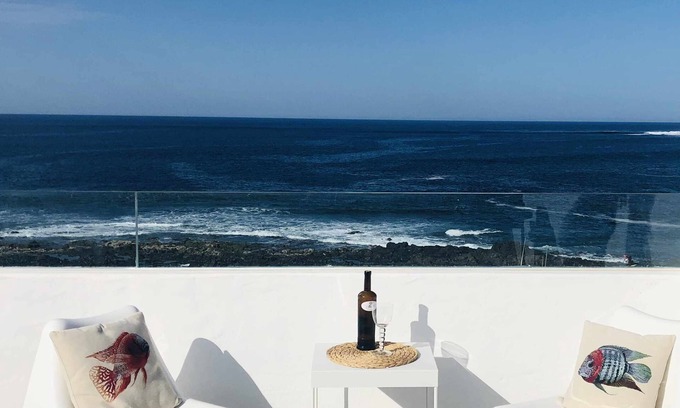 La Santa Apartment | CASA ANCLADA: Oceanfront Retreat with a Sea View Solarium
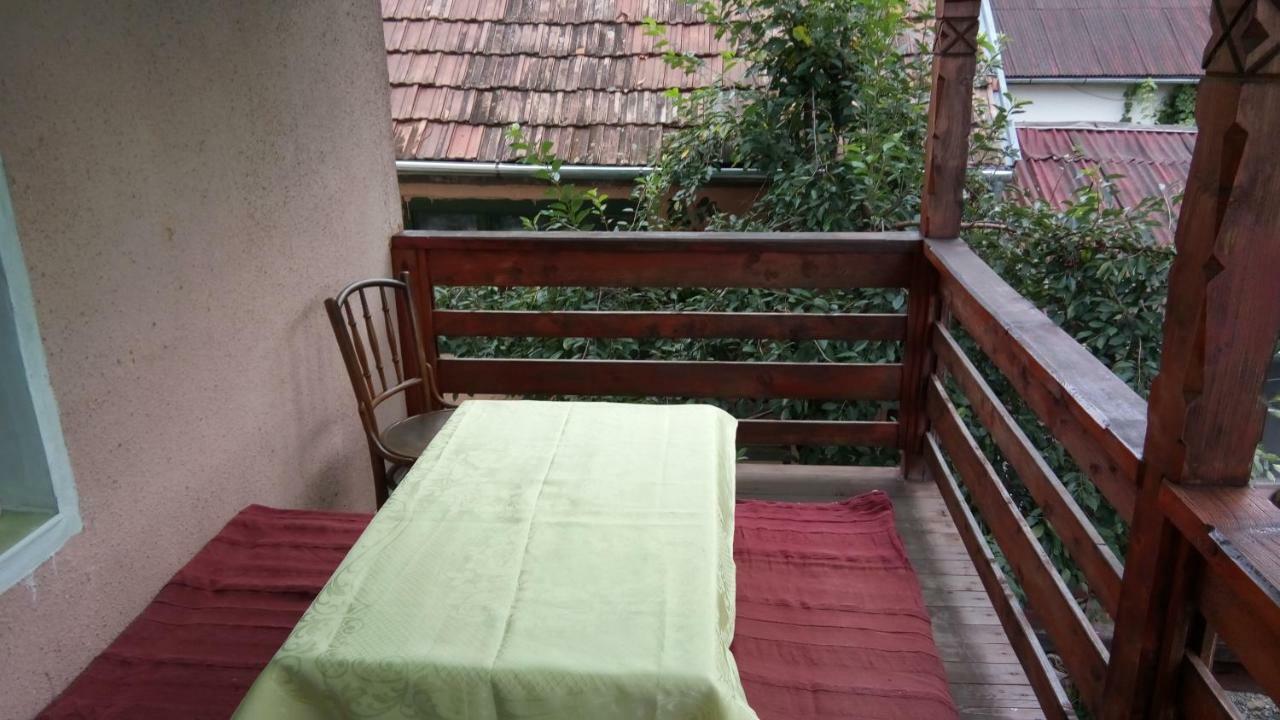 Vila Tilda Hotel Совата Екстериор снимка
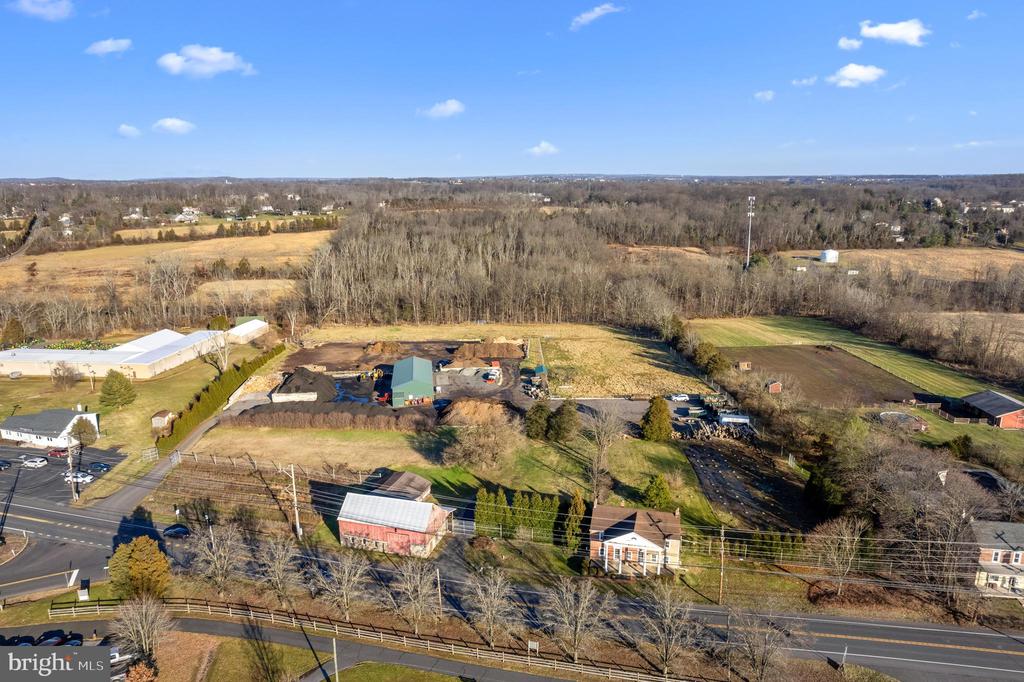 1237 N GRAVEL PIKE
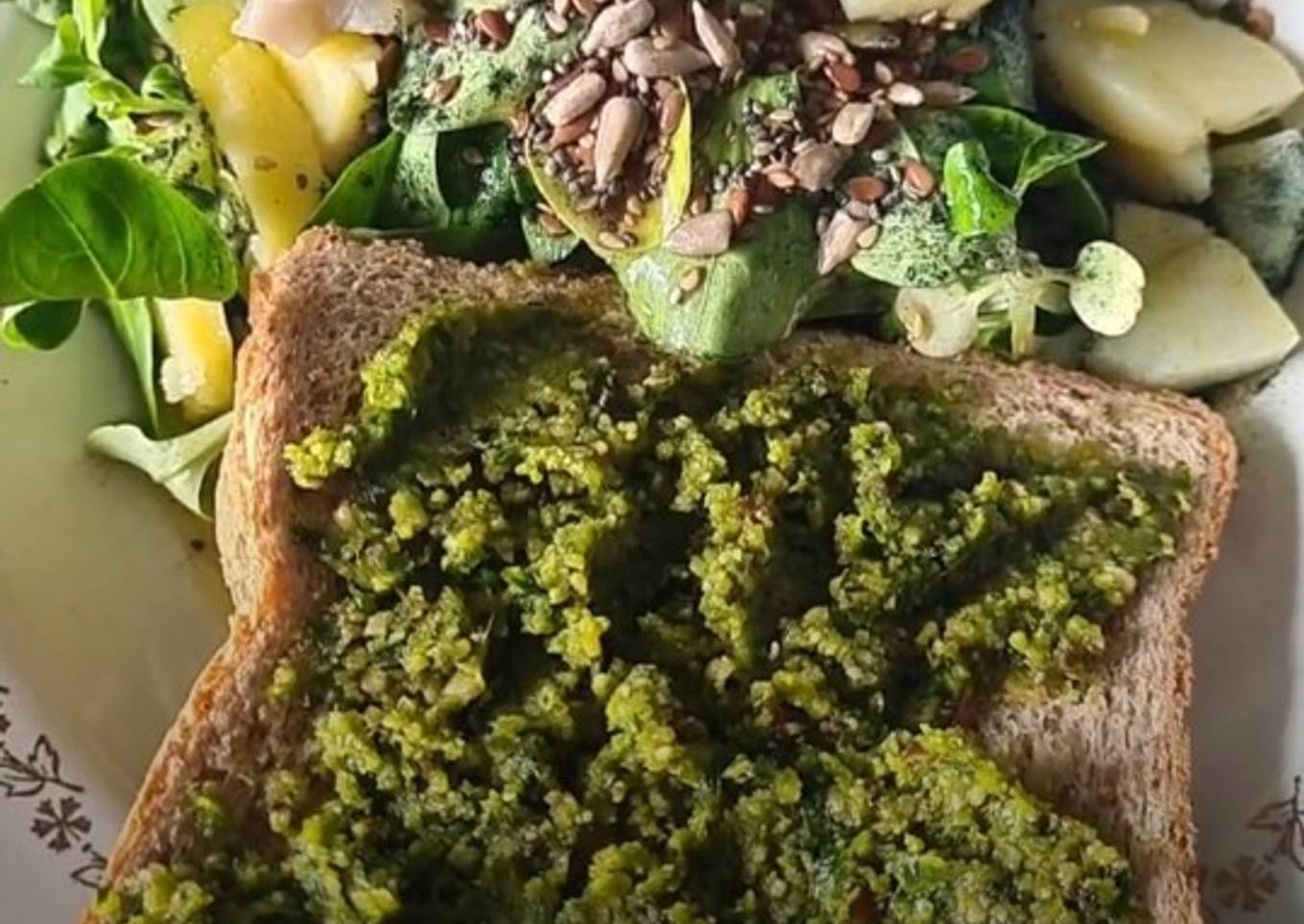 Recipe of Perfect Pesto à l'ail des ours accompagné de son toast et d'une salade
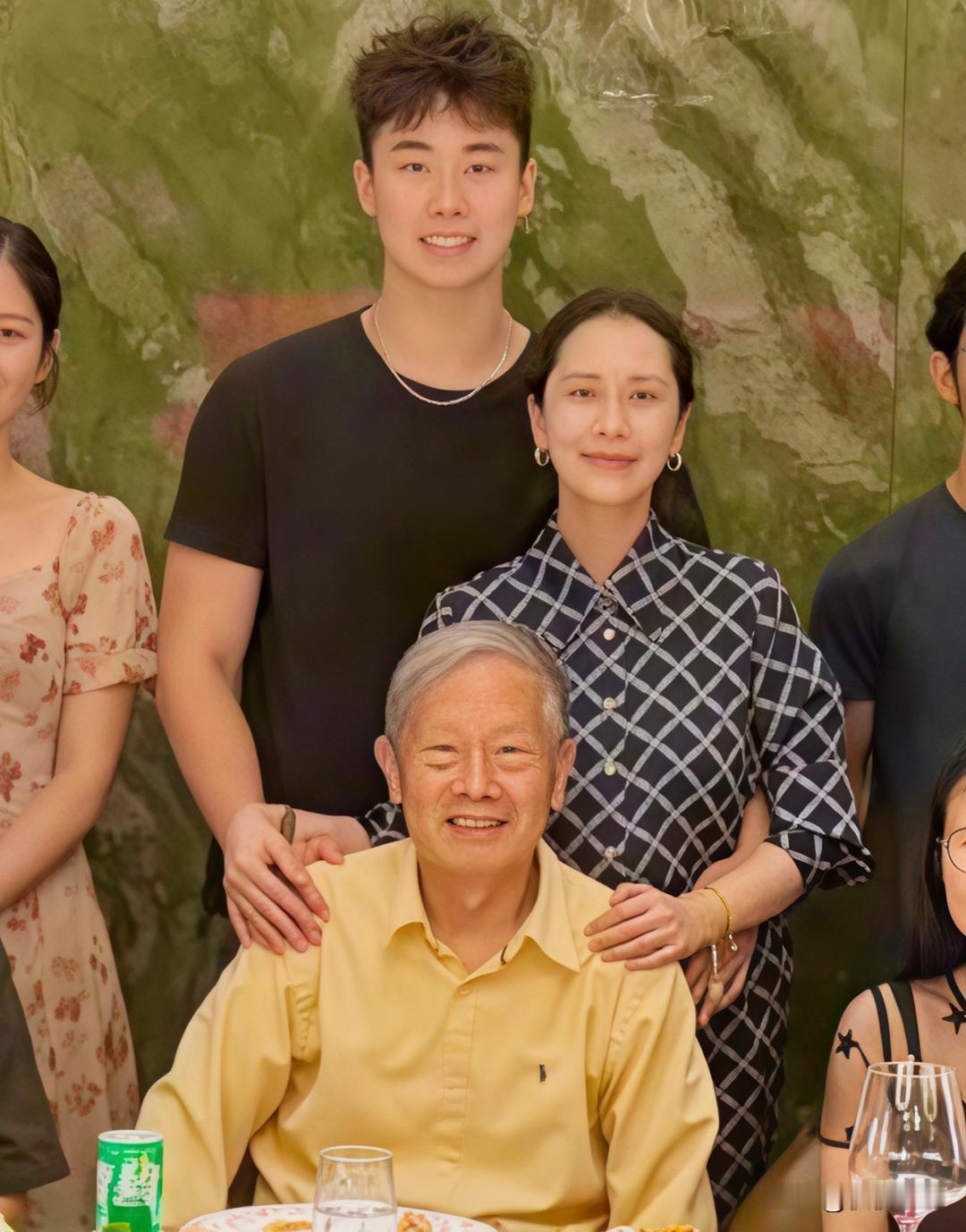 48岁海清带19岁儿子和长辈们一起聚餐，她的打扮老气，脸部素颜，脸色看起来好憔悴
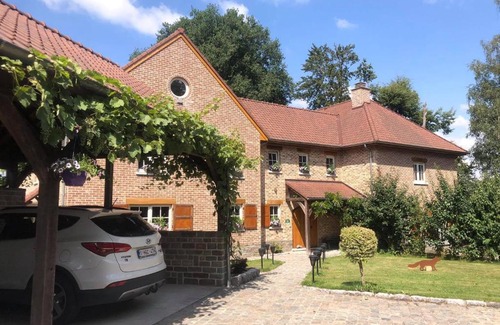 Wavre House | Le Goupil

* **Aim of the exercise**
Make an exact copy of the lines from the one holding "1237 N GRAVEL PIKE" through the end of the material, both ends included, and keep the pictures out of it.

* **Solution**
 1237 N GRAVEL PIKE
 Recipe of Perfect Pesto à l'ail des ours accompagné de son toast et d'une salade
 48岁海清带19岁儿子和长辈们一起聚餐，她的打扮老气，脸部素颜，脸色看起来好憔悴
 Wavre House | Le Goupil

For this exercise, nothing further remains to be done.